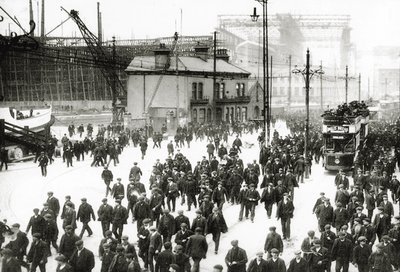 Fin de journée au chantier naval Harland et Wolff, Belfast, Irlande avec le Titanic en construction en arrière-plan, 1910-11 - English Photographer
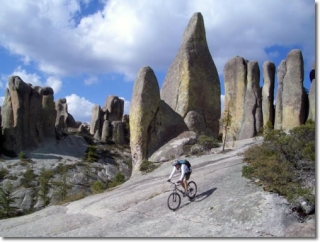  Radfahren in der Schlucht 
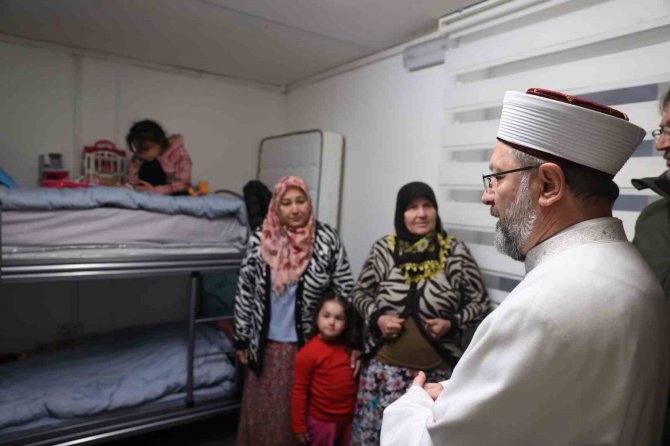 Diyanet İ̇şleri Başkanı Erbaş, Islahiye’de Konteyner Kent Ve Koordinasyon Merkezini Ziyaret Etti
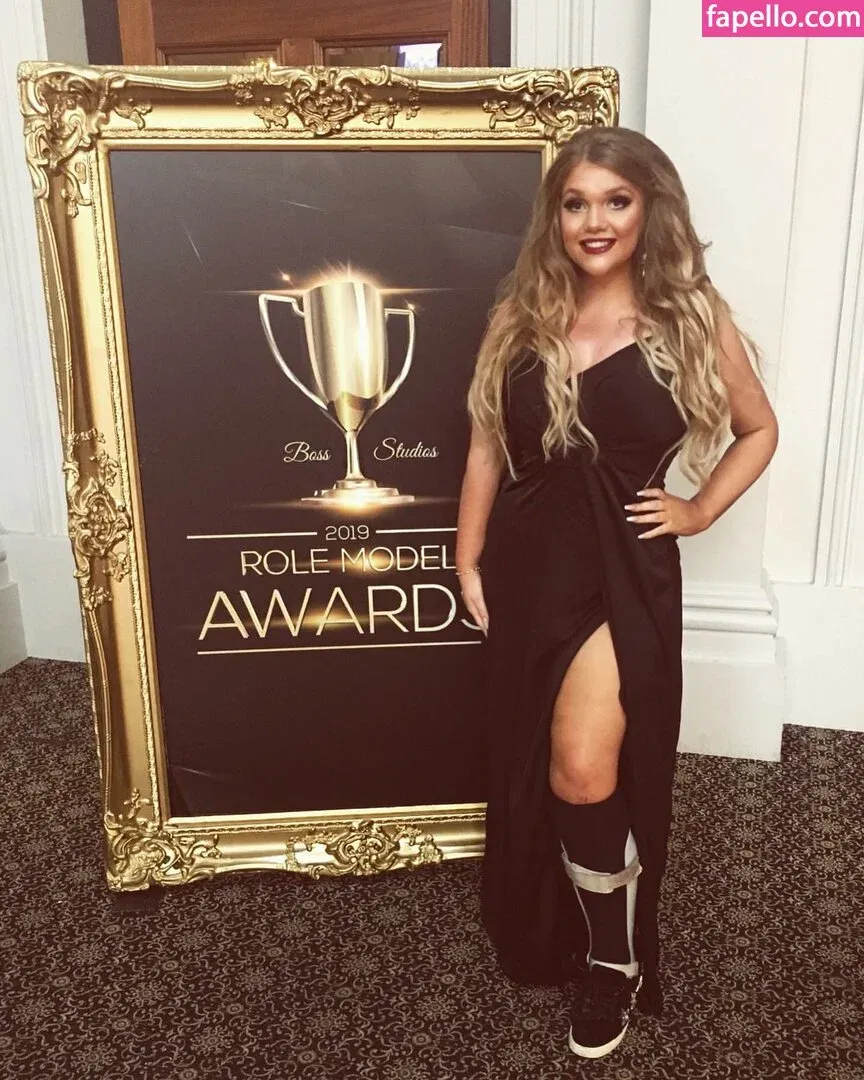 Lucy May Dawson Onlyfans Photo Gallery 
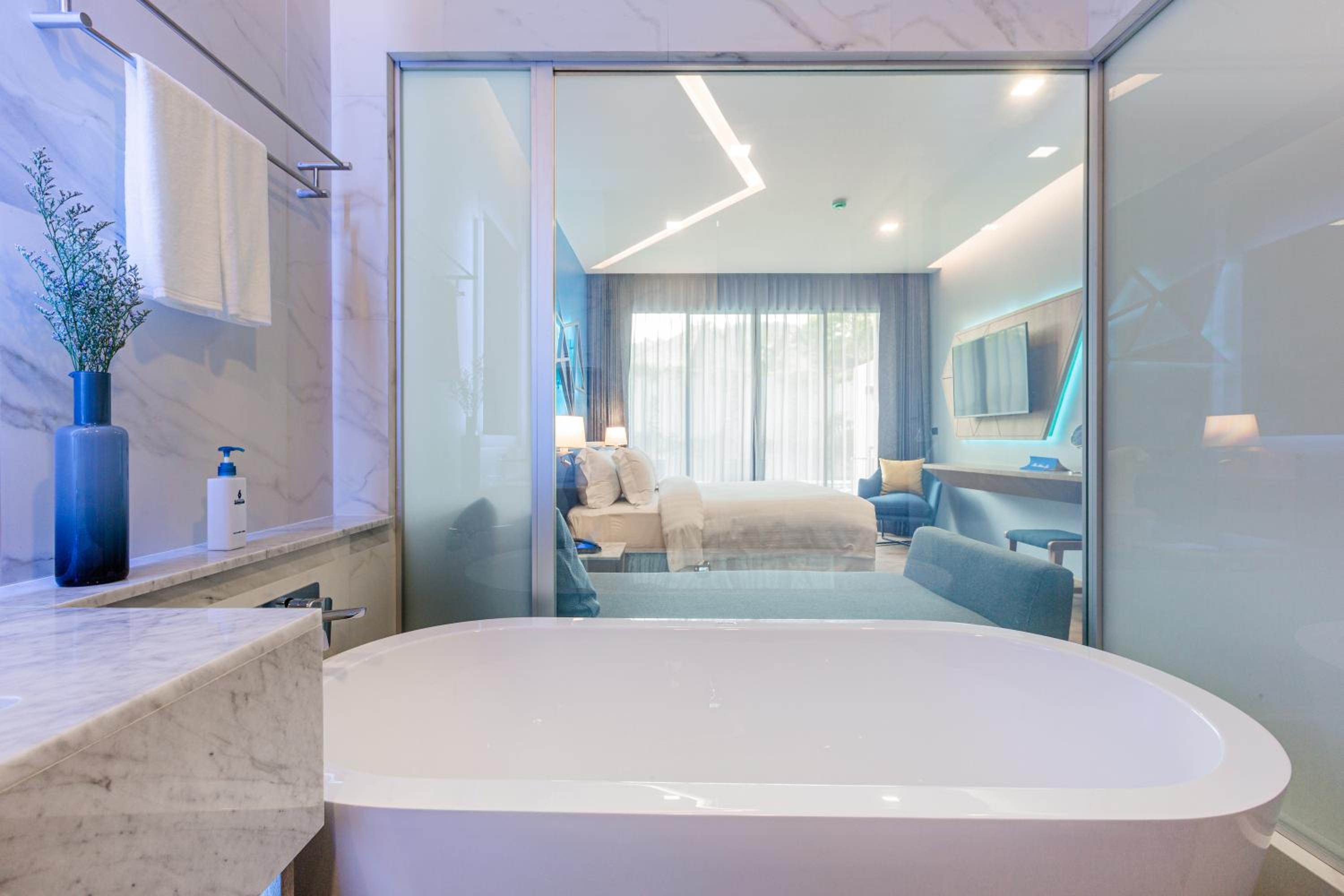 Deluxe Pool Facing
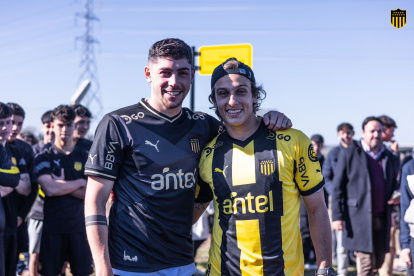 Federico Valverde compartió con jugadores de las divisiones formativas de Peñarol.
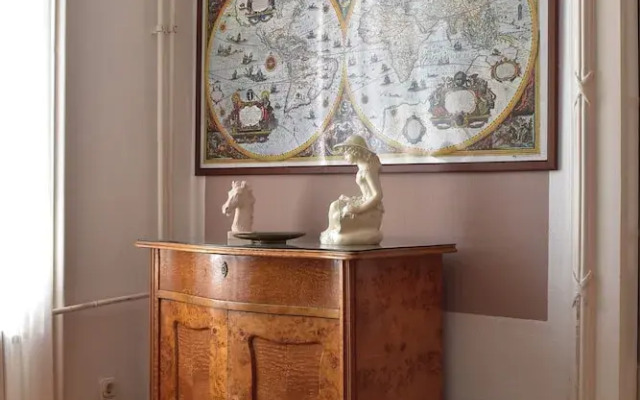 New! Libra Grande Venetian Style Apartment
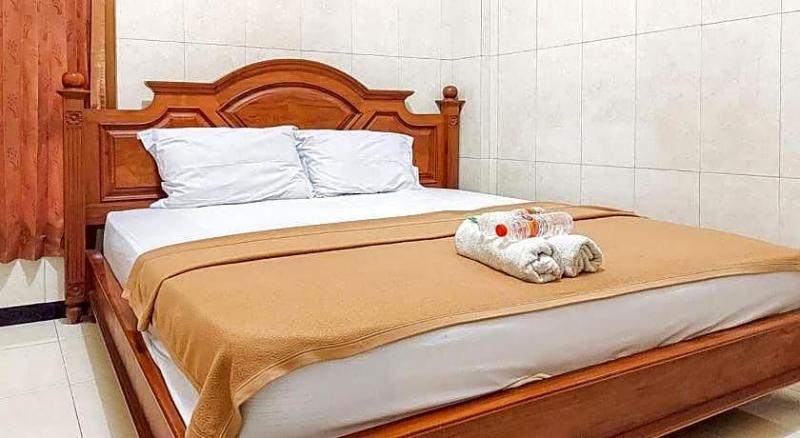 Hotel Shinta 2 Near Alun Alun Kertosono image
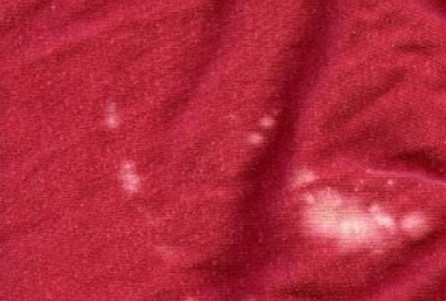 Picture 1 of Tips for 'fire fighting' clothes that are contaminated with bleach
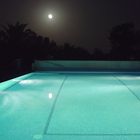Pool im Mondlicht
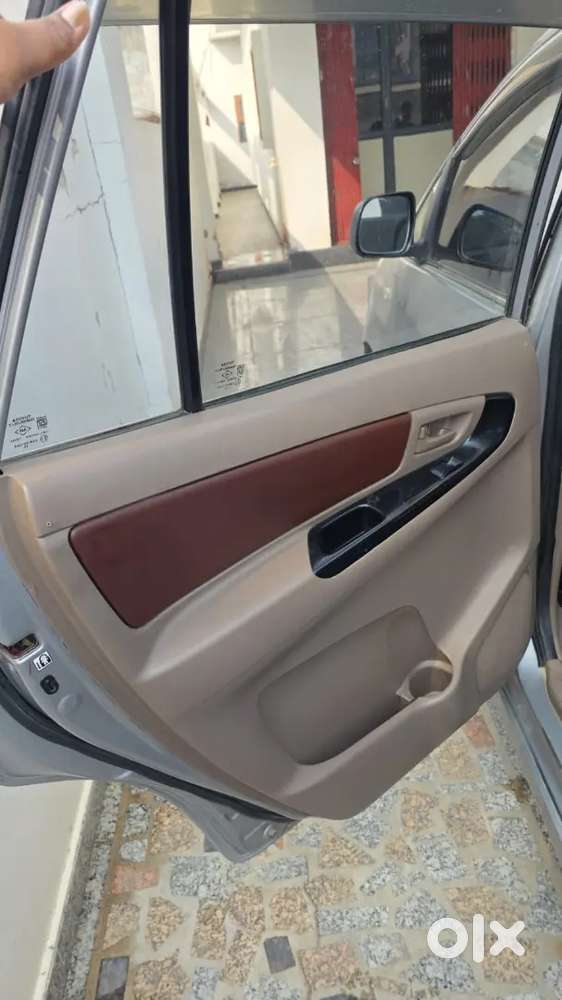 Innova For Sale With New Leatherite Interior And Bucket Seat Cover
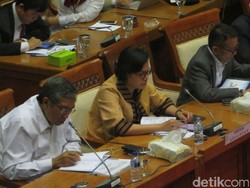 Malam-malam Sri Mulyani ke DPR Bahas Pajak Intip Rekening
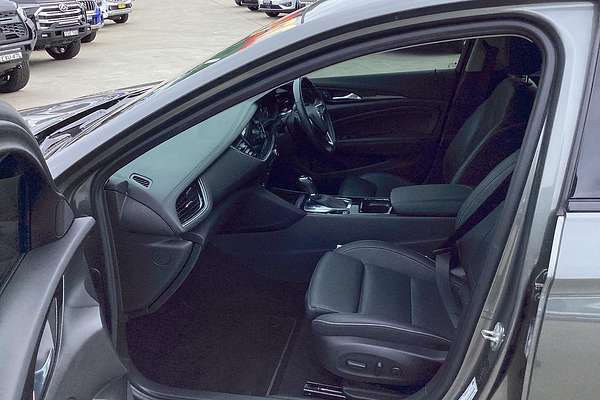 2018 Holden Calais V ZB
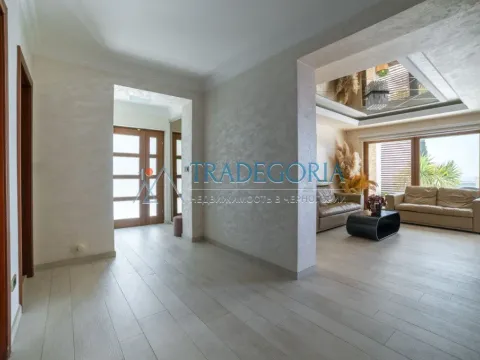 Prodaja, ugostiteljski objekat, 435m², Bečići, Budva - image 16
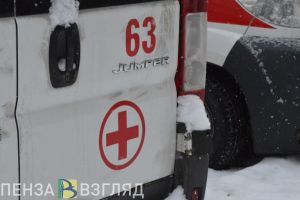 В Бековском районе машина сбила 19-летнего парня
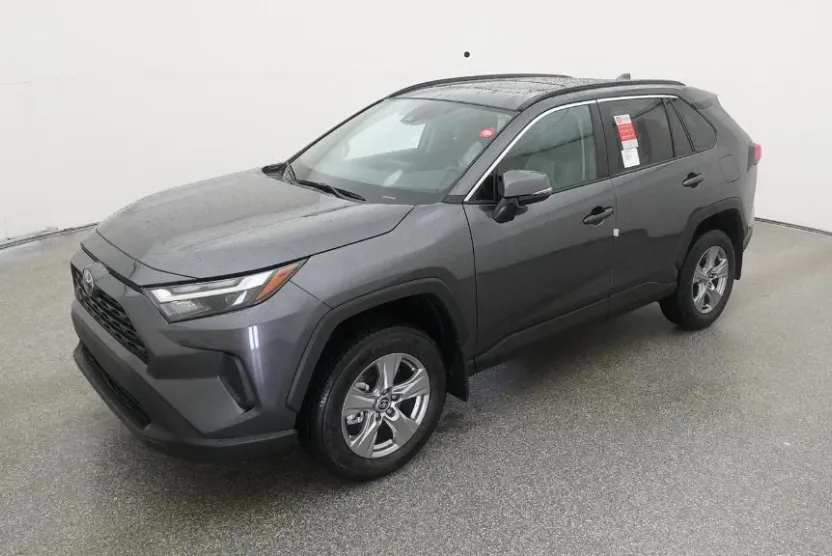 2025 Toyota RAV4 XLE photo 1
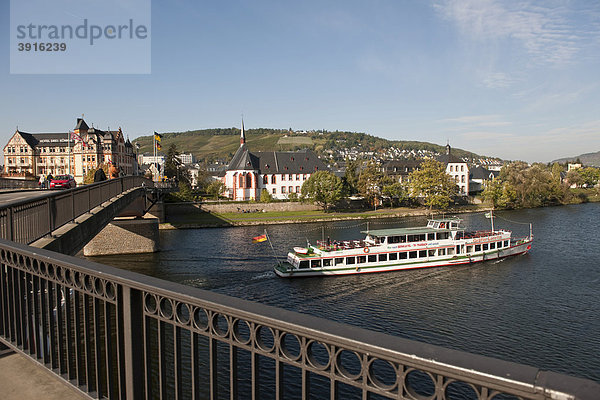 Fahrgastschiff vor dem Stadtteil Kues  Bernkastel-Kues  Mosel  Rheinland-Pfalz  Deutschland  Europa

◇ ◇ ◇

■ YOUR ASSIGNMENT
Please retype the data exactly as it appears, but without any of its pictures.

■ RESPONSE AREA
 Fin de journée au chantier naval Harland et Wolff, Belfast, Irlande avec le Titanic en construction en arrière-plan, 1910-11 - English Photographer
  Radfahren in der Schlucht 
 Diyanet İ̇şleri Başkanı Erbaş, Islahiye’de Konteyner Kent Ve Koordinasyon Merkezini Ziyaret Etti
 Lucy May Dawson Onlyfans Photo Gallery 
 Deluxe Pool Facing
 Federico Valverde compartió con jugadores de las divisiones formativas de Peñarol.
 New! Libra Grande Venetian Style Apartment
 Hotel Shinta 2 Near Alun Alun Kertosono image
 Picture 1 of Tips for 'fire fighting' clothes that are contaminated with bleach
Pool im Mondlicht
 Innova For Sale With New Leatherite Interior And Bucket Seat Cover
 Malam-malam Sri Mulyani ke DPR Bahas Pajak Intip Rekening
 2018 Holden Calais V ZB
 Prodaja, ugostiteljski objekat, 435m², Bečići, Budva - image 16
 В Бековском районе машина сбила 19-летнего парня
 2025 Toyota RAV4 XLE photo 1
 Fahrgastschiff vor dem Stadtteil Kues  Bernkastel-Kues  Mosel  Rheinland-Pfalz  Deutschland  Europa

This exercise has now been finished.